#### What you need to do:
Output, verbatim and without pictures, the lines from the first line of the listing through the line containing "Il sesto giorno".

"""

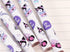 Set of 3, Cute Pencils, B Hexagonal Pencil, 5 Pcs Per Box, 15 Count (Package May Vary)...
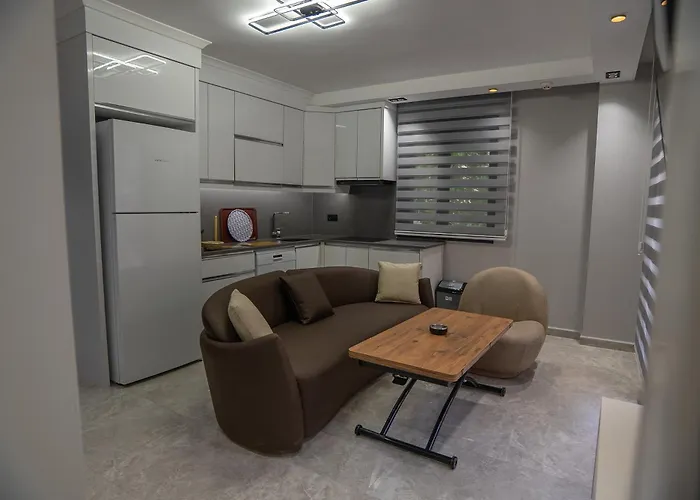 Apartment Sürer Altınkum *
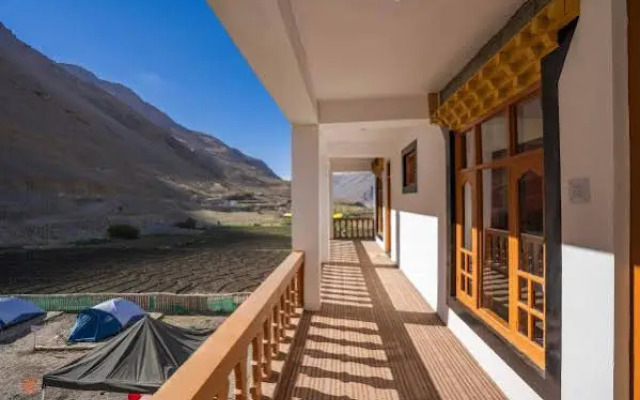 Zostel Spiti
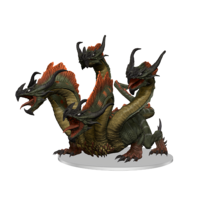 Dungeons & Dragons Icons of the Realms Mythic Odysseys of Theros Premium Set Polukranos
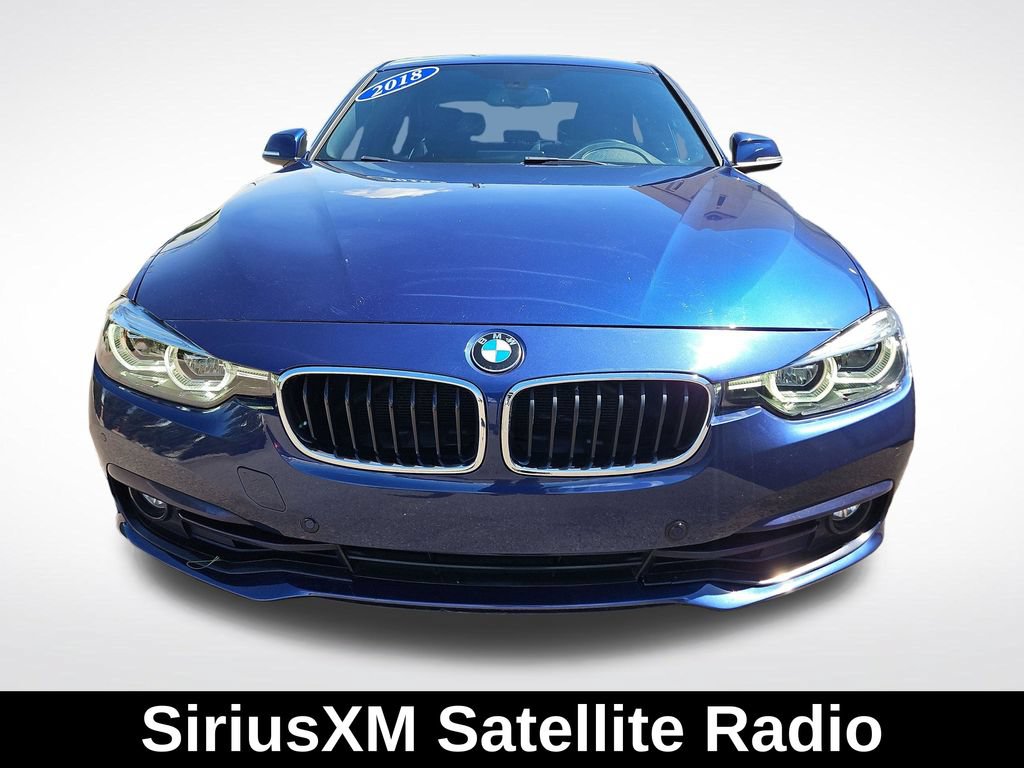 Used 2018 BMW 330i Sedan RWD image 9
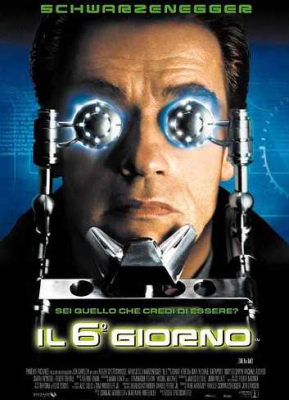 Il sesto giorno (2000) DVD9 Copia 1:1 ITA-ENG-ESP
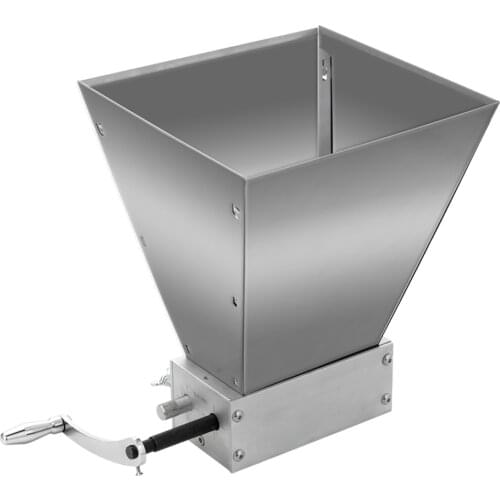 Whole Grains Mill Grinder Food Processors Superfine Large Manual Powder Machine Stainless Steel Malt Corn Food Grinder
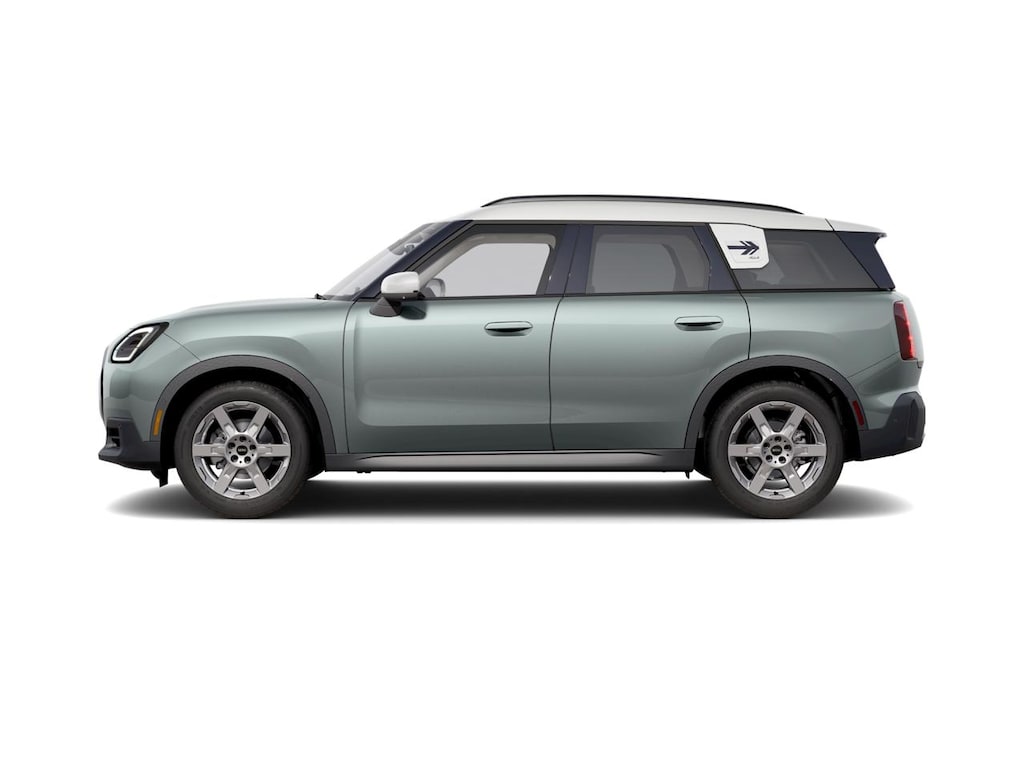 New 2027 MINI Countryman Iconic SUV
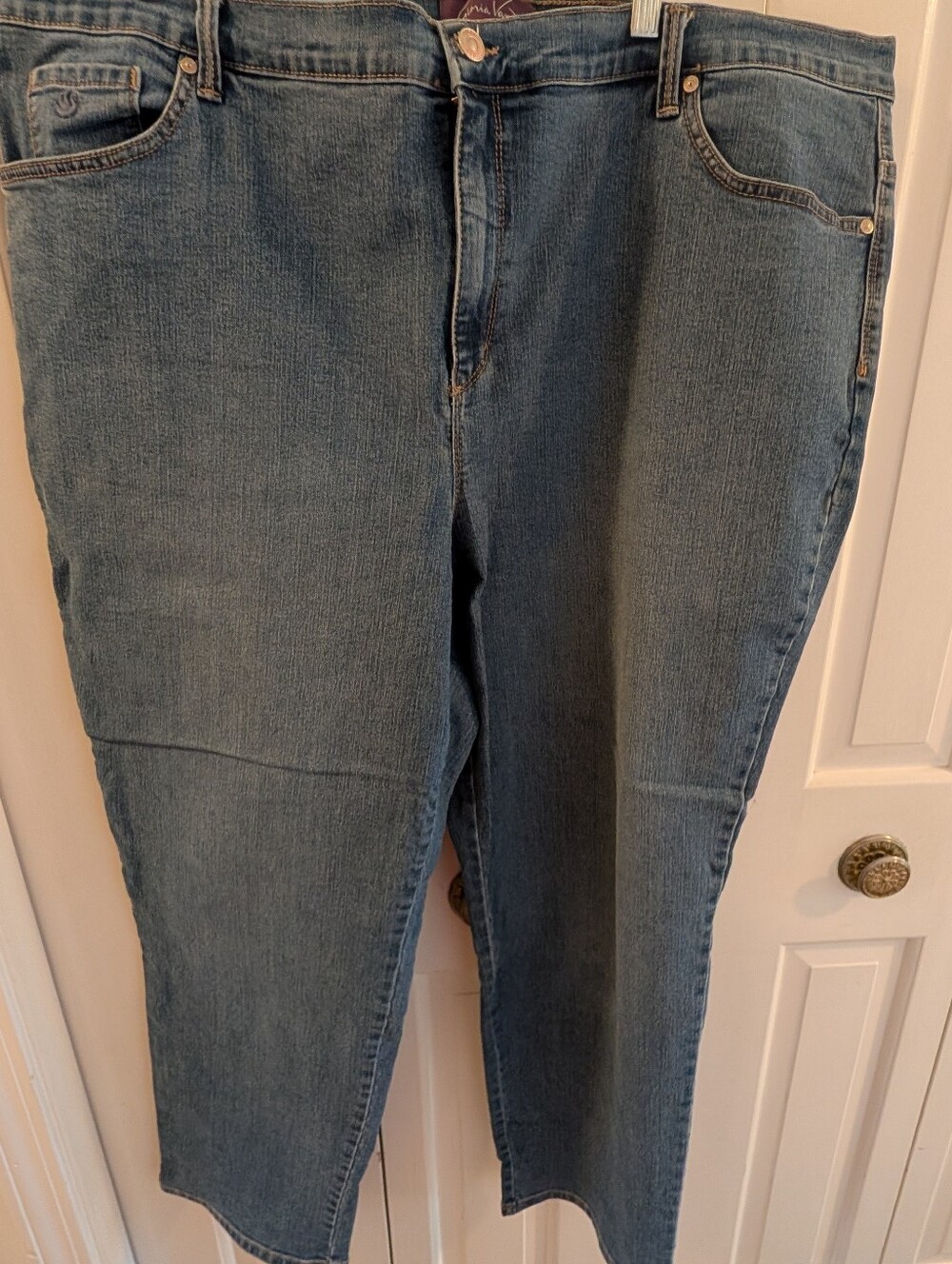 Women's Gloria Vanderbilt Amanda Jeans Size 20W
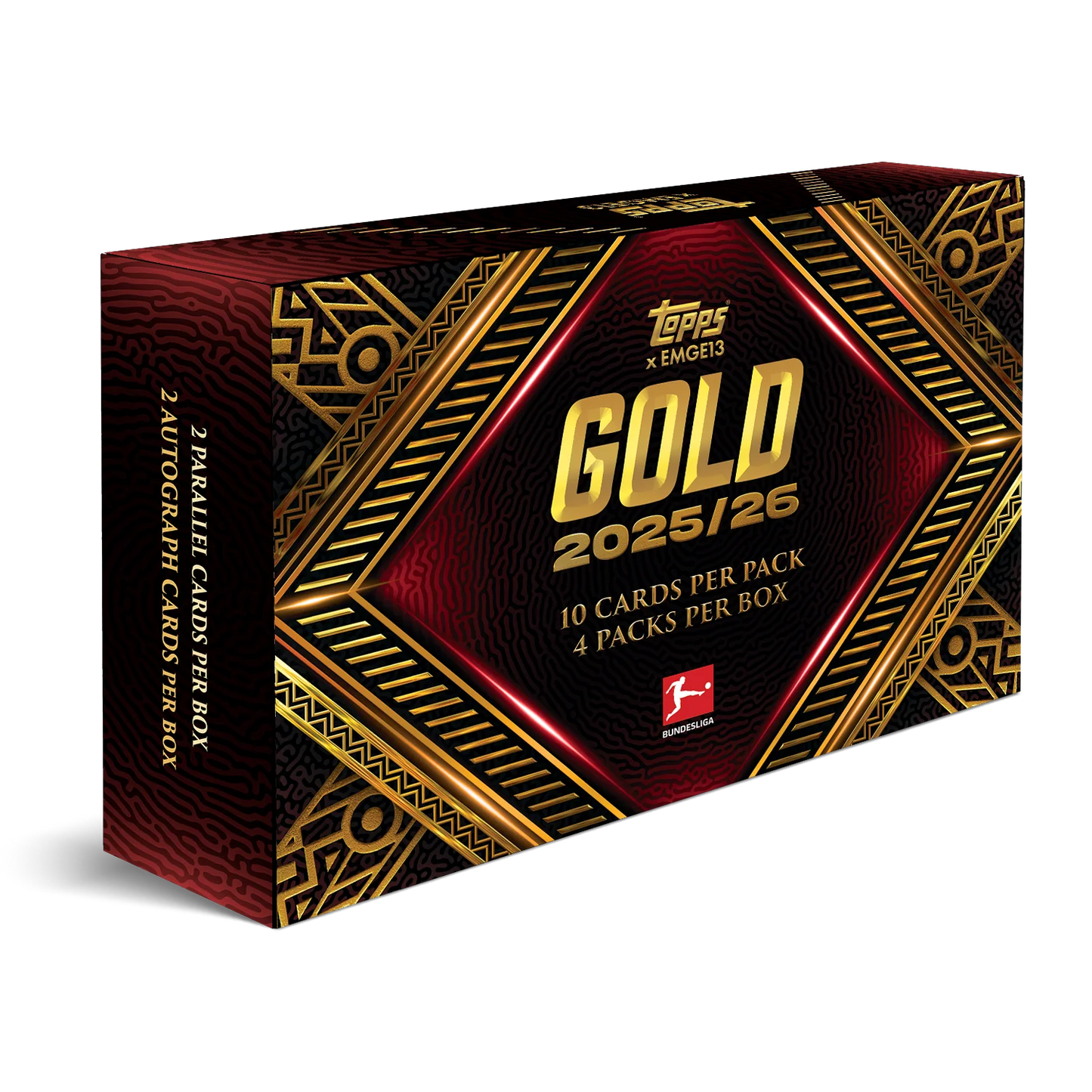 Topps Bundesliga Gold 2026 - Pre Order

"""

#### Output of the task:
 Set of 3, Cute Pencils, B Hexagonal Pencil, 5 Pcs Per Box, 15 Count (Package May Vary)...
 Apartment Sürer Altınkum *
 Zostel Spiti
 Dungeons & Dragons Icons of the Realms Mythic Odysseys of Theros Premium Set Polukranos
 Used 2018 BMW 330i Sedan RWD image 9
 Il sesto giorno (2000) DVD9 Copia 1:1 ITA-ENG-ESP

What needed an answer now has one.